Then Steel, having elaborately praised the renovation of his organization’s newly modernized artistic home, suddenly announced on May 20, 2011 that the New York City Opera would leave Lincoln Center forever and perform at various places around New York City: City
Center, the Brooklyn Academy of Music, and El Museo Del Barrio, for starters. It would, in itinerant fashion, “go to where the people were.” Well, five million of those people who love the performing arts were at Lincoln Center every year, the very place City Opera was leaving. By Steel’s calculation, the costs of operating at Lincoln Center were higher than the brand equity of staying in place. The likelihood that Lincoln Center’s cachet and prominence would have less appeal to donors than a “now you see me, now you don’t” vagabond company was apparently his best guess.
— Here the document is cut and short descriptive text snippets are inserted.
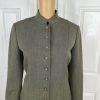 John Meyer Polyester Rayon Stretch Pant Suit Size 10 Green Pleated Pockets 2PC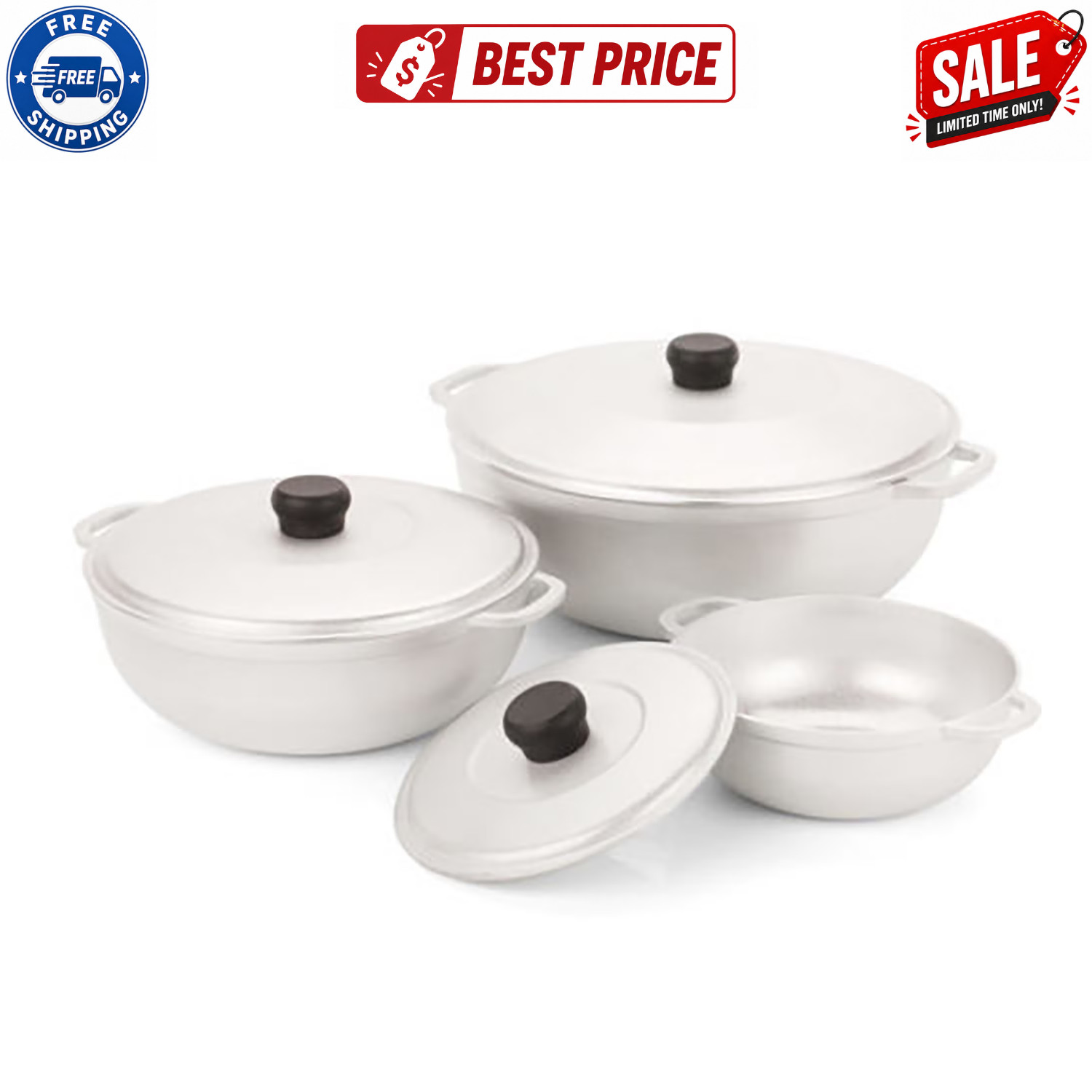 IMUSA Caldero Set 3Pc Cast Aluminum Pots 1.5 2.5 5.2Qt Cooking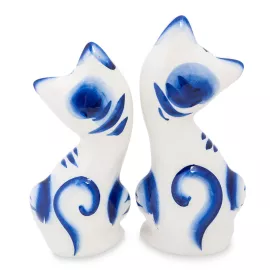 Фигурка Пара котов мал. (Гжельский фарфор), изображение 2
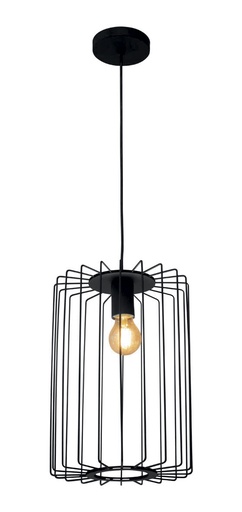 [201002 | 882002.08] Lamp. Colg. 1L E27 T/Jaula Metal Negro (250X350Mm)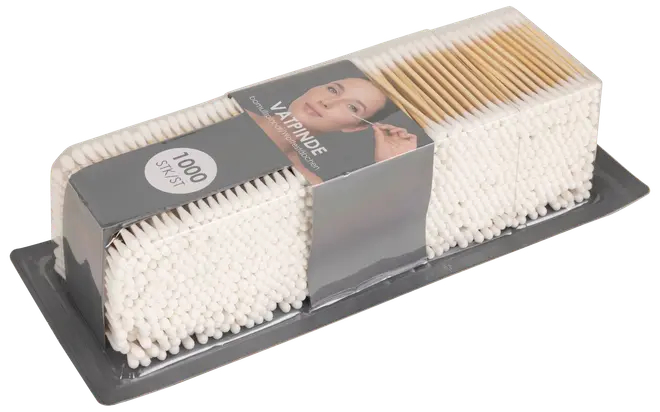 Pakke med 1000 vatpinde med hvide ender og papirstænger, pænt arrangeret i en rektangulær plastbakke, velegnet til personlig pleje og hygiejne.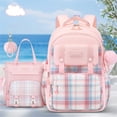 thumbnail image 3 of JuDWoC Work Backpack Travel Bag Backpack School 3PCS Checkered Pattern Charm Accent Lightweight Water Resistant Multi Layer Storage Rucksack Everyday Laptop Storage Casual Daypack Pack 16.2in, 3 of 5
No one followed the New York City Opera’s fortunes more closely than Anthony Tommasini, the chief classical music critic of the
New York Times
. He writes with nuance and texture. His prolific reviews have taught me much. Attentive New Yorkers pay heed to the paper of record, and his voice is an influential one.
How disappointing then, that his running critique was so inconsistent, so incomplete, and ultimately unhelpful, even whimsical. Tommasini contributed to the magical thinking that seemed to permeate the New York City Opera’s decision making. He supported the City Opera’s quest for a new home seemingly without considering its financial consequences or its adverse impact on the company’s artistic productions. He was in a very small minority that welcomed the Mortier appointment. He offered an almost Panglossian view of George Steel’s selection and of the Opera’s future with Steel at the helm.
On November 30, 2009, in “Better Acoustics in Koch Theater Give City Opera a Much Needed Boost,” he argued that the “acoustical improvements to the Koch Theater are real and encouraging, and nothing will help City Opera more.”